Publicans should show some seasonal goodwill and end the post midnight practice of hiking up drink prices in Dublin’s pubs and clubs, according to the Consumers’ Association.

Publicans should show some seasonal goodwill and end the post midnight practice of hiking up drink prices in Dublin’s pubs and clubs, according to the Consumers’ Association.

Dermott Jewell, Consumers’ Association chief executive, claimed the ’Cinderella Syndrome’ defied logic by allowing pub owners to penalise loyal punters.

Mr Jewell accepted publicans were hit hard by the smoking ban, but he said the gesture would go far in boosting consumer faith in the trade.

“It defies the logic of business, and good business at that,” he said. “What we are looking at is a downturn in turnover, and it’s extraordinary that they can’t see the reality and positivity of introducing reductions for customers willing to throng pubs and clubs.”

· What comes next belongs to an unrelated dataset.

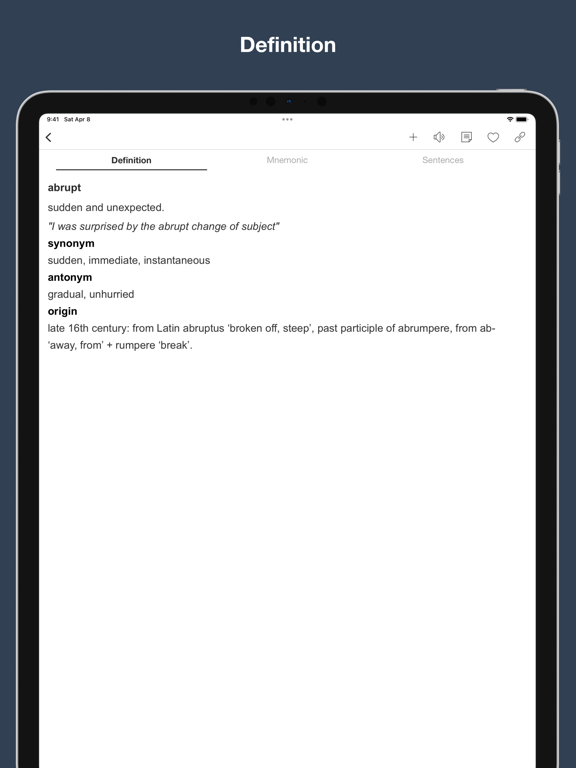 Screenshot #5 pour Word List for TOEFL® Test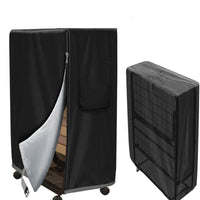 Housse de rangement universelle imperméable en polyester Garvee pour lit d'appoint, avec fermeture éclair et cordon de serrage, pour la maison et le camping, 33" x 13" x 42" et 39" x 15" x 44,9".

With the Office of the Director of Consumer Affairs (ODCA) vowing to crack down on traders in breach of price display laws in the new year, it is hoped the move could leave the Cinderella syndrome no more than a myth.

A random spot-check of pubs across Ireland in the run-up to Christmas revealed the level of compliance by publicans to the Retail Price Display Order 1999 left a lot to be desired.

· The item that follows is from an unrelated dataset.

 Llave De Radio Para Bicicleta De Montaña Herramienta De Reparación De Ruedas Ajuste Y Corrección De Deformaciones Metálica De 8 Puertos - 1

Out of 189 pubs visited by ODCA inspectors only 139 (74%) complied with the law. During 2004, eight licensed premises were successfully prosecuted, but after the latest survey at least 12 more premises will find themselves in court in the new year.

Mr Jewell said stringent check-ups from both the Competition Authority and the ODCA could end the exploitation of revellers once and for all.

“It means we need a whole new form of inspection, and these inspectors are going to have to take the form of consumers who take account of prices,” Mr Jewell said.

“Let’s be honest there aren’t enough inspectors to take care of that practice, this is where we, the consumer, need to take control ourselves.”

Jay Burke, Irish Nightclub Industry Association chairman, defended the midnight price change. He said the two-tier pricing system was a justifiable surcharge to cover added costs for insurance, security, staffing and special exemption orders for late bars.

“It’s very clear why that exists, if you’re working until 3am in the morning instead of 11pm at night you expect extra for that,” Mr Burke said.

“The public may enjoy the image of the fat, rich publican but there are many others who are not doing so well.”

Mr Burke claimed the seismic change in the pub trade over the last year had left the industry in terminal decline. He said with one pub for every 400 people in Ireland any further cuts in profits would leave the property market swamped with unsaleable pubs.

He also called on breweries to cut their profit margins allowing publicans to pass on the savings to punters.

Both the Licensed Vintners’ Association and the Vintners’ Federation of Ireland said they could not comment on pricing matters. The groups are legally barred from advising publicans on setting prices for drink in pubs and nightclubs.

Figures released in the last couple of months revealed that drink prices in Dublin were on average 14.5% higher than in other parts of the country.

Mr Jewell said there was no excuse for this, with the city offering a much bigger customer base than elsewhere, and high demand for services through the tourist trade.

“I feel no sorrow for them whatsoever,” he said.